The lack of clinical data provided to reviewers during their retrospective EEG review was the most important limitation of this study and should be considered highly relevant to the interpretation of its findings. In clinical practice, patient history (e.g., an established diagnosis of epilepsy with a known seizure semiology, recent antiseizure medications) and bedside or video observations (e.g., twitching or behavioral changes) are used to inform EEG interpretation and make definitive determinations of seizure versus nonseizure, and treatment is tailored to the patient as a whole rather than the EEG in isolation. Claritγ, like all other automated seizure detection algorithms, does not consider ancillary clinical information, and it is critical to acknowledge that output from such an algorithm does not provide the final diagnostic conclusion for the patient.

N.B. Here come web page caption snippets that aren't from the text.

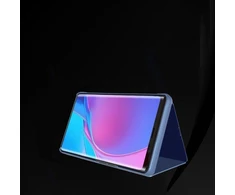 Permatomas dėklas Poco M4 Pro 5G juodas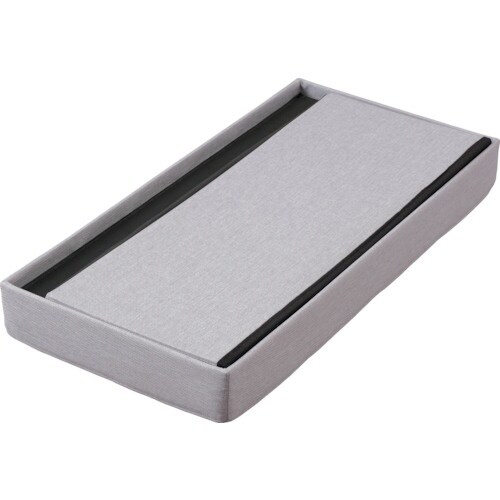 IRIS 529384 折りたたみ収納スツール ワ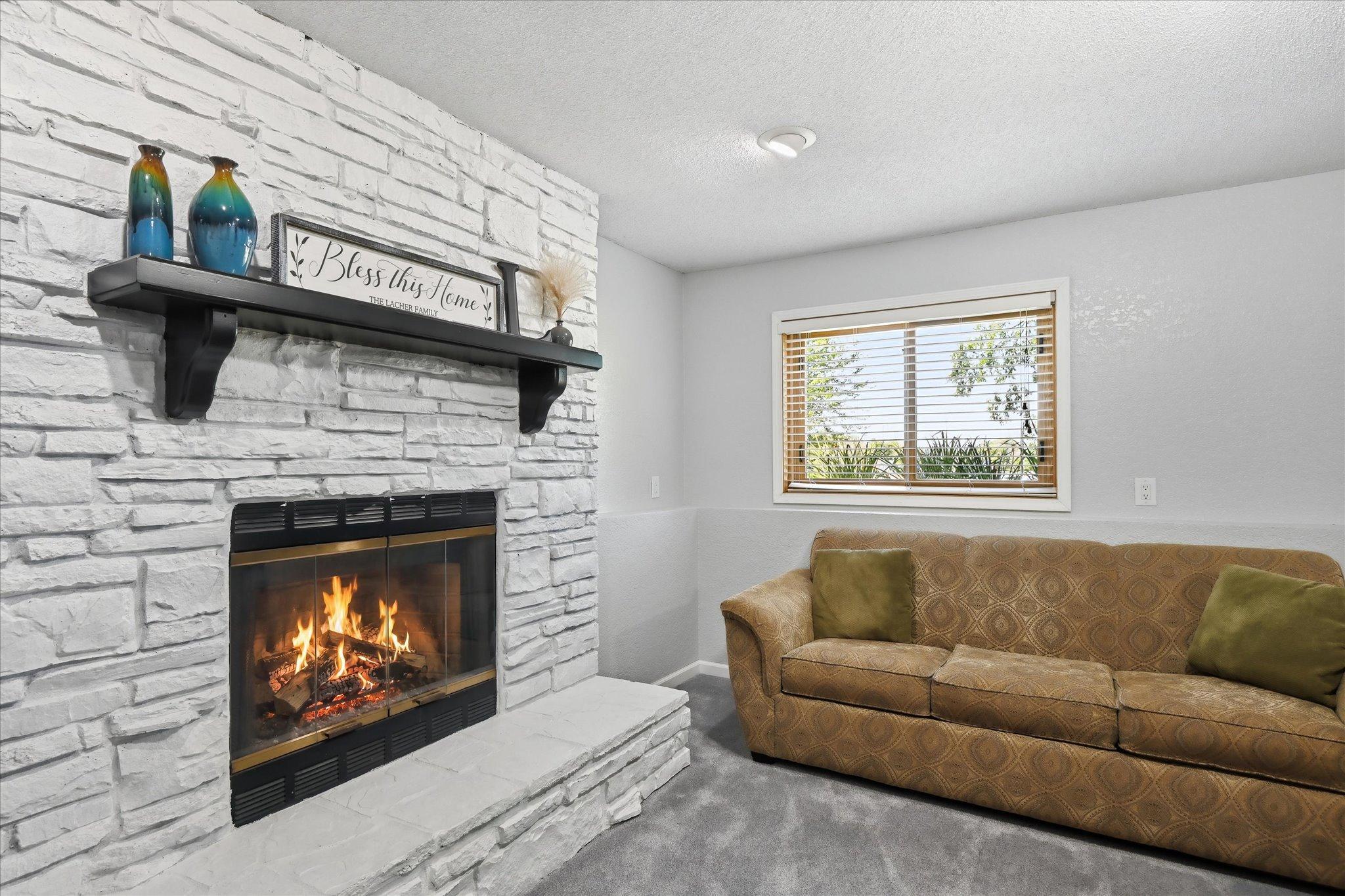 View of Residential at 6747 Quantico Lane, Maple Grove MN 55311, Maple Grove (20 of 38) - Mike Wilen | Minnesota Team Real Estate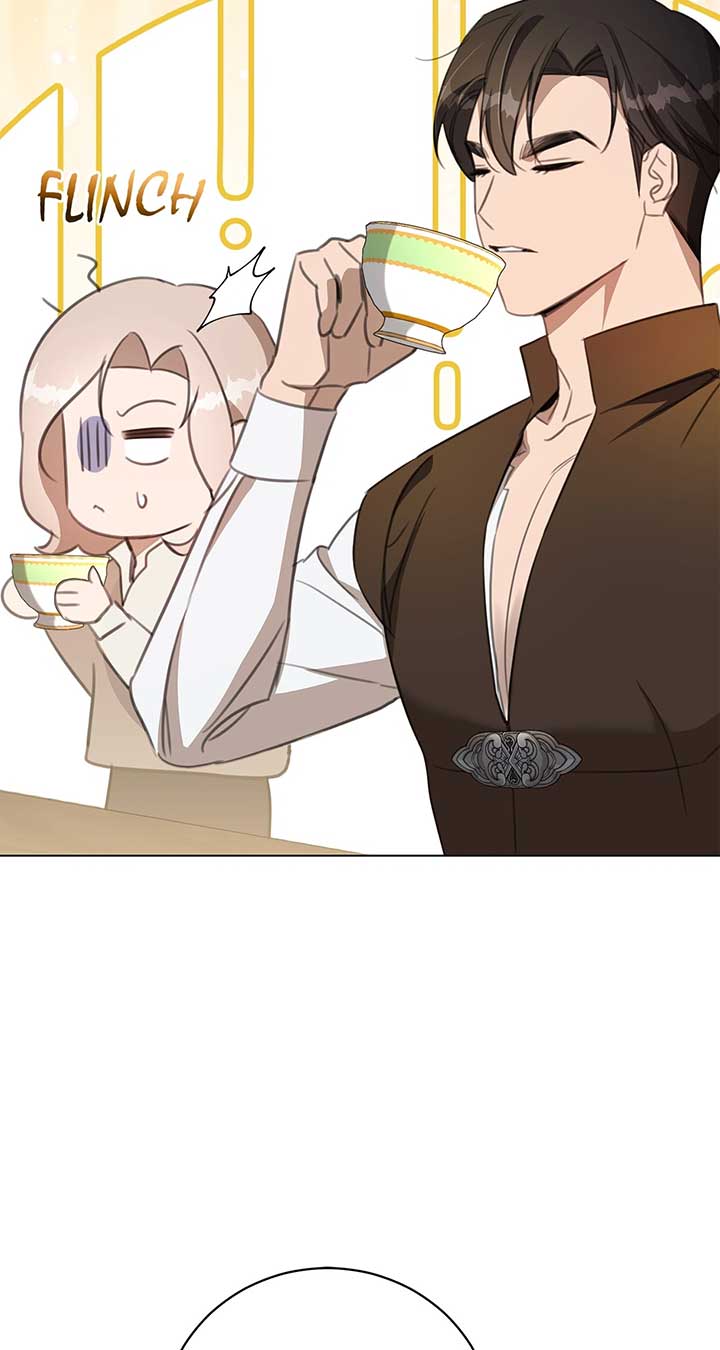 How to Choose Your Knight Chapter 13 page 25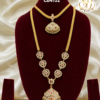 Impone stone attigai & haram combo 2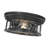 Masuda Glass Flush Mount-1469115798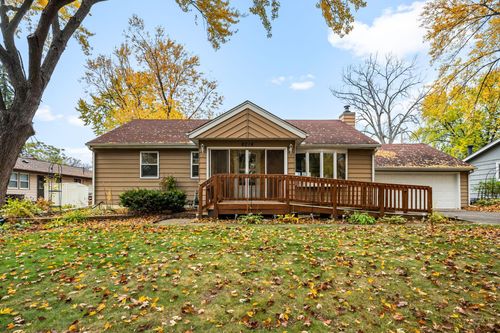 8214 32nd Pl N, Crystal, MN, 55427-1908 | Card Image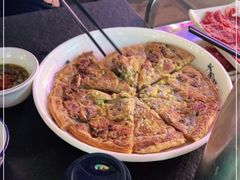 -悦来悦牛潮汕牛肉火锅(大浪店)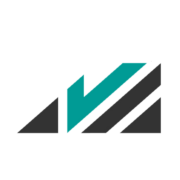 Logo Strategie Wirtschaft Technik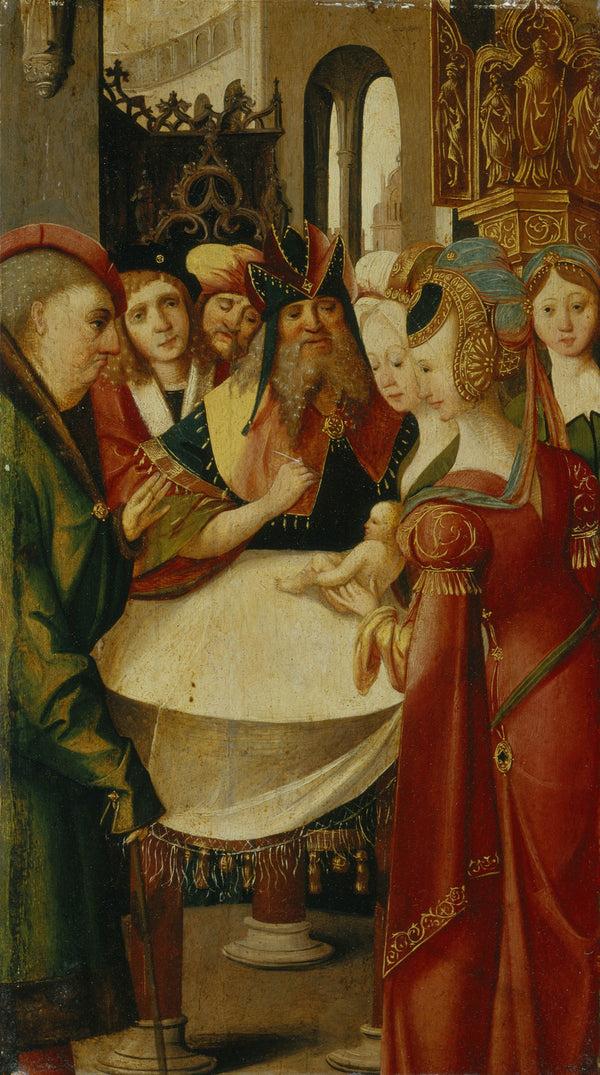 anonymous-1525-the-circumcision-art-print-fine-art-reproduction-wall-art-id-awytjpd26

Indeed, the sensitivity and specificity of any system for EEG review (human or machine) would be significantly improved by access to additional patient data.

The implementation of Claritγ and its impact on real-world diagnostic and treatment decisions were not studied here and may be addressed in future investigations. As noted in the discussion of clinical workflow, individual providers or practice groups may utilize different alarm thresholds to expedite EEG review and treatment or establish treatment protocols that rely on the various functions of Rapid-EEG (visual waveform review, EEG sonification, Claritγ seizure burden) based on providers’ comfort with each.

Our cohort contained a relatively low number of status epilepticus cases (nine out of 353 EEGs) which affects the reliability of our sensitivity estimate. A larger cohort of Rapid-EEG data would be helpful to address this. However, it should be noted that this multisite cohort was obtained without excluding cases and could be considered reflective of the population being studied.

The Rapid-EEG system lacks midline and parasagittal electrodes, and consequently a focal seizure that is highly localized to the parasagittal region would not be detected by Rapid-EEG or identified by Claritγ (although prior research [37,38,39] has argued that this lack of coverage might not significantly impact its sensitivity in critical care and emergency medicine settings).

Conclusions

Implementation of artificial intelligence tools in the field of neurology and epileptology remains limited despite the urgent need for tools to accommodate the expanding practice of EEG and address the inefficiencies of the current EEG infrastructure. Claritγ provides highly sensitive detection of status epilepticus and may be useful as a risk stratification tool that could expedite diagnosis and treatment of patients with nonconvulsive seizures. We believe that machine learning tools will never replace a careful history and examination filtered through a well-honed clinical acumen of the user and recommend its safe use by interpreting its output in the context of proper clinical judgment.